Extracted records
......

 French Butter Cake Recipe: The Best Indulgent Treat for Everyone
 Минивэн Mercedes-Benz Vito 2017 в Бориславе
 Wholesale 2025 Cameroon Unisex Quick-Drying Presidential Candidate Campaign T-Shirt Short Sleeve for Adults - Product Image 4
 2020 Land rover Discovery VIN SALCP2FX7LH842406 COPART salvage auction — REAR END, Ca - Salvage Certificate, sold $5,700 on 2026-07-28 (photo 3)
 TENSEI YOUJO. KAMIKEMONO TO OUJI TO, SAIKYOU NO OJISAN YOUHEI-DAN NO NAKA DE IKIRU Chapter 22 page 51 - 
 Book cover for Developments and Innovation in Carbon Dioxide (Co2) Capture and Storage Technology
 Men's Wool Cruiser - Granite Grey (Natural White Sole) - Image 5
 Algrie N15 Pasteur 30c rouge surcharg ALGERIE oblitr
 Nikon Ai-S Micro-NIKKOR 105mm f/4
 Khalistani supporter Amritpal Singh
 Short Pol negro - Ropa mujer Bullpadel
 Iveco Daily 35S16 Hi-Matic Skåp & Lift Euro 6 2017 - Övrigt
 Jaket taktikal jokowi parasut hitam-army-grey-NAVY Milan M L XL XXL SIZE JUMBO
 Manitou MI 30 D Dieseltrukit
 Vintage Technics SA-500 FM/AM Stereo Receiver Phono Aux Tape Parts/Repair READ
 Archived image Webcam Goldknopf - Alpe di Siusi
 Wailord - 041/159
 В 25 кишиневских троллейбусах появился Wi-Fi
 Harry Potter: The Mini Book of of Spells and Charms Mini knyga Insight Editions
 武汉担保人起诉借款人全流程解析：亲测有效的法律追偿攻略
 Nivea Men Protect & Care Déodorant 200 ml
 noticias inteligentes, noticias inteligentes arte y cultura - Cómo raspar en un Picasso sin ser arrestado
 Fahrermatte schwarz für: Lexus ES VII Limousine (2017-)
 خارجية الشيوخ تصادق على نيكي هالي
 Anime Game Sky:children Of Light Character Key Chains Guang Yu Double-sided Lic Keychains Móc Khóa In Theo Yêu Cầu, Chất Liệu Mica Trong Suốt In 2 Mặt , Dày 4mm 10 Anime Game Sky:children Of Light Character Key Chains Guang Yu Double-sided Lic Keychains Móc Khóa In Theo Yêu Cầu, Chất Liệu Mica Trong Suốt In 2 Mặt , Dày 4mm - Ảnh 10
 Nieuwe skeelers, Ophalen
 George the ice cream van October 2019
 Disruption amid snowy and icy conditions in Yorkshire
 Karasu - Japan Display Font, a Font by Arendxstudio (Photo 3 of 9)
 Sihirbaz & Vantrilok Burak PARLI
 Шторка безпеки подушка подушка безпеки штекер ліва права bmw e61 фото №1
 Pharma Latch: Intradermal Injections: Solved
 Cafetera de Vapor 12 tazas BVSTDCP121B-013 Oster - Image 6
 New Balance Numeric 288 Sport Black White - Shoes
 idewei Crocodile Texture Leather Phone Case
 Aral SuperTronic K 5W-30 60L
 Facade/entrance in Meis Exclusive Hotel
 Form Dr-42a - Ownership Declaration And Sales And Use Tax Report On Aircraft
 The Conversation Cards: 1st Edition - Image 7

......

Task brief
Find the string "Short" in the records, then copy each line where it occurs.

Finished exercise
 Wholesale 2025 Cameroon Unisex Quick-Drying Presidential Candidate Campaign T-Shirt Short Sleeve for Adults - Product Image 4
 Short Pol negro - Ropa mujer Bullpadel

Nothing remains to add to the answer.